Quando nos deparamos com um filme com o título nacional Sexta-Feira 13, logo vem à cabeça a popular franquia “slasher” com o psicopata mascarado Jason Voorhees, um ícone da cultura pop, com seu primeiro filme lançado em 1980 (Friday the 13th). Porém, existe outro filme com o mesmo nome nacional e título original “Black Friday”, com fotografia em preto e branco, produção de baixo orçamento do longínquo ano de 1940, e com dois dos maiores astros do cinema de horror de todos os tempos, o inglês Boris Karloff (famoso principalmente pelo papel do “monstro de Frankenstein”) e o húngaro Bela Lugosi (eternizado como o vampiro “Drácula” nos filmes da “Universal”). Sexta-Feira 13 tem direção de Arthur Lubin e roteiro de Eric Taylor e do alemão Curt Siodmak, autor conhecido pelas histórias de diversos outros filmes como O Lobisomem (1941).

O cientista Dr. Ernest Sovac (Boris Karloff) está envolvido num trabalho de pesquisa de transplante de cérebros. Depois que seu grande amigo, o professor de literatura inglesa George Kingsley (Stanley Ridges) sofre um acidente terrível, sendo atropelado por um carro em fuga de uma perseguição com tiroteios, o cientista encontra uma oportunidade de fazer uma experiência para tentar salvar a vida do amigo gravemente ferido com uma lesão cerebral irreversível. O carro acidentado era dirigido pelo gangster Red Cannon (também Ridges), que fugia dos antigos parceiros de crime, após um roubo milionário. Fraturando a coluna no acidente, o criminoso teve partes de seu cérebro transplantadas para o cérebro do professor, numa experiência ilegal em seres humanos, e que o cientista só tinha realizado em animais.

O grupo de gangsters rivais, liderados por Eic Marnay (Bela Lugosi), ainda era formado por Frank Miller (Edmund MacDonald), William Kane (Paul Fix) e Louis Devore (Raymond Bailey). Numa conspiração com a namorada de Red Cannon, Sunny Rogers (Anne Nagel), eles tentam localizar e recuperar o dinheiro roubado. Em paralelo, a personalidade pacífica do Prof. Kingsley oscila drasticamente com a influência da mente do criminoso, que ao assumir o controle transforma-se num assassino, matando violentamente seus rivais e policiais que cruzam seu caminho.

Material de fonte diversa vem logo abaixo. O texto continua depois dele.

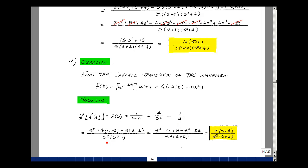The common denominator is s squared times (s plus 2). Multiplying the first term, (s plus 2) cancels, giving s squared. Multiplying the second term, s squared cancels, giving 4 times (s plus 2). Multiplying the third term, one s cancels, giving minus s times (s plus 2). Expanding: s squared plus 4s plus 8 minus s squared minus 2s. The s squared terms cancel, leaving 4s minus 2s plus 8, which is 2s plus 8. Pulling out the 2 gives 2(s plus 4), divided by s squared times (s plus 2).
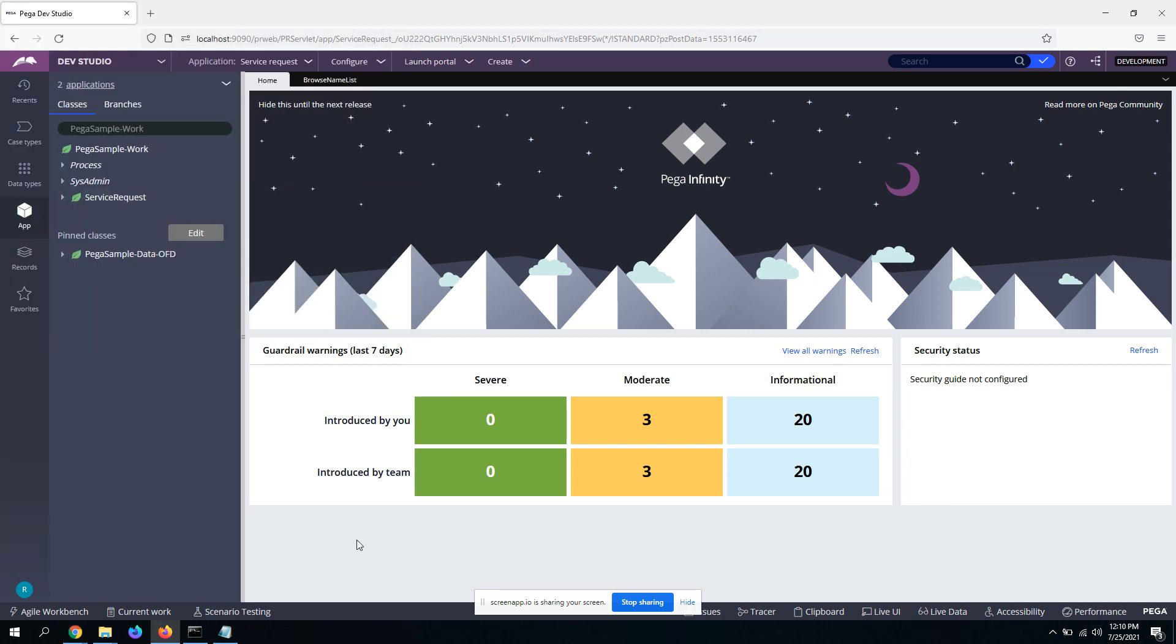Hello guys, how are you all? Hope you are doing good. I'm back with another concept in Pega which is elastic search.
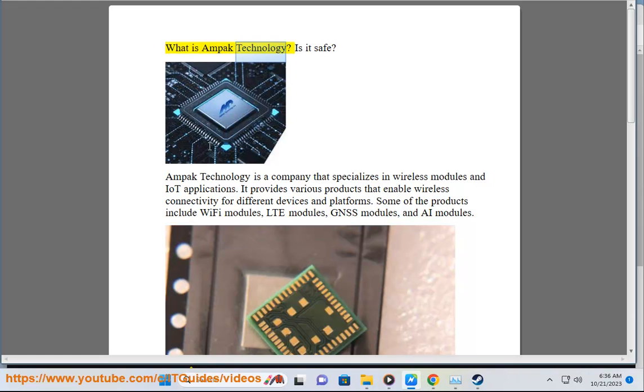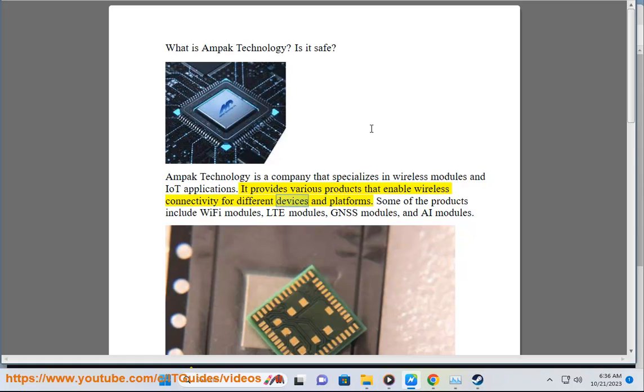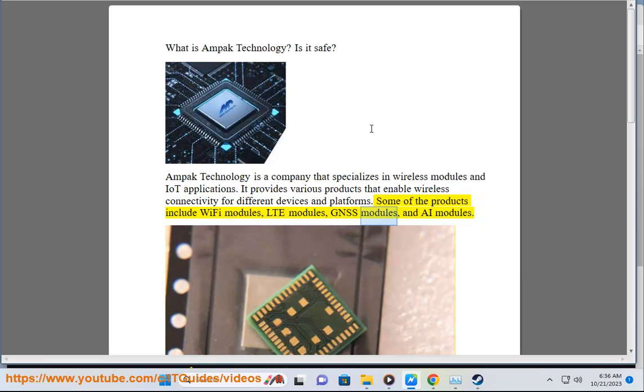What is MPAC Technology? Is it safe? MPAC Technology is a company that specializes in wireless modules and IoT applications. It provides various products that enable wireless connectivity for different devices and platforms. Some of the products include Wi-Fi modules, LTE modules, GNSS modules, and AI modules.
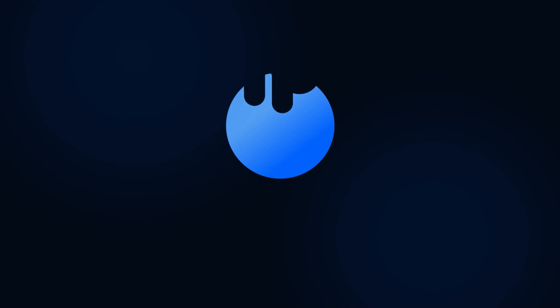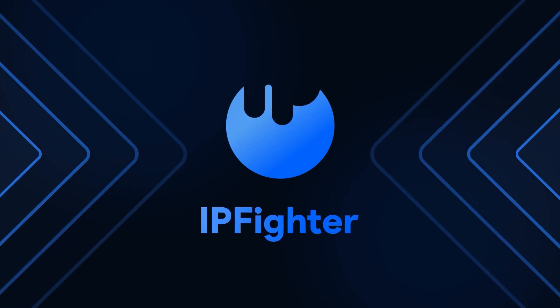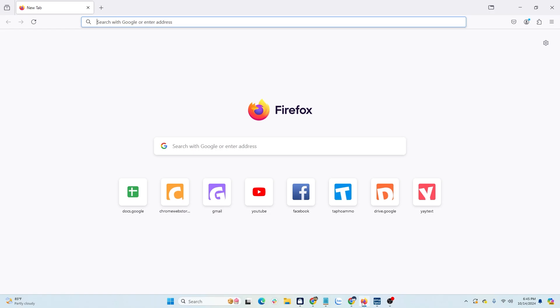Hi guys! In today's video, IP Fighter will show you how to add a proxy to change your IP on the Firefox browser using the proxy toggle extension. Let's watch the video to understand the process.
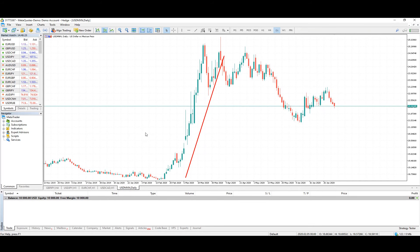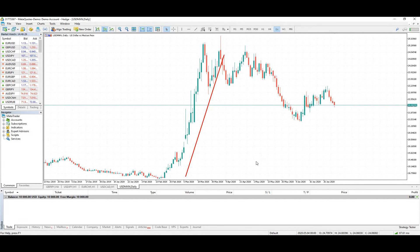Hi traders, welcome to this video where we're going to talk about compression. This will be the first out of two videos where we'll talk about compression. Today we're going to explain the pattern, how it looks, and how to recognize it. In the second video we're going to learn how to take advantage of it and how to trade a compression pattern.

Enquanto a filha do cientista, Jean Sovac (Anne Gwynne), junto com a esposa do professor, Margaret Kingsley (Virginia Brissac), tentam entender e ajudar no conflito de personalidades, o Dr. Sovac se interessa também pela fortuna em dinheiro, que financiaria seus trabalhos de pesquisas, com sua ganância tumultuando ainda mais a confusão gerada pela dupla personalidade do Prof. Kingsley.
Sexta-Feira 13 tem apenas 70 minutos de duração e é uma mistura de filme policial com elementos de horror e ficção científica como pano de fundo, na ideia do tradicional “cientista louco” com suas experiências para o bem da humanidade, e que tem consequências desastrosas. Nesse caso, o transplante de partes de cérebros foi o responsável pela dupla personalidade do Prof. Kingsley com o gangster Red Cannon, alternando entre um homem pacato e um criminoso assassino, no estilo da clássica e popular história do Dr, Jekyll e Sr. Hyde, “o médico e o monstro” de Robert Louis Stevenson.

O simples fato da presença de Boris Karloff e Bela Lugosi, dois expoentes máximos do cinema de Horror e Ficção Científica, já traz grande crédito para o filme, agregando valor com seus nomes reconhecidos e requisitados na época. Mas, curiosamente eles não contracenam juntos em nenhuma cena no filme, e Lugosi tem apenas um papel menor e secundário, aparecendo pouco como um dos gangsters, enquanto Karloff é o cientista responsável pelo elemento fantástico que gera o conflito na trama. E certamente um destaque é a atuação de Stanley Ridges na interpretação dupla do calmo professor e do inescrupuloso criminoso, simulando personalidades muito distintas de forma convincente.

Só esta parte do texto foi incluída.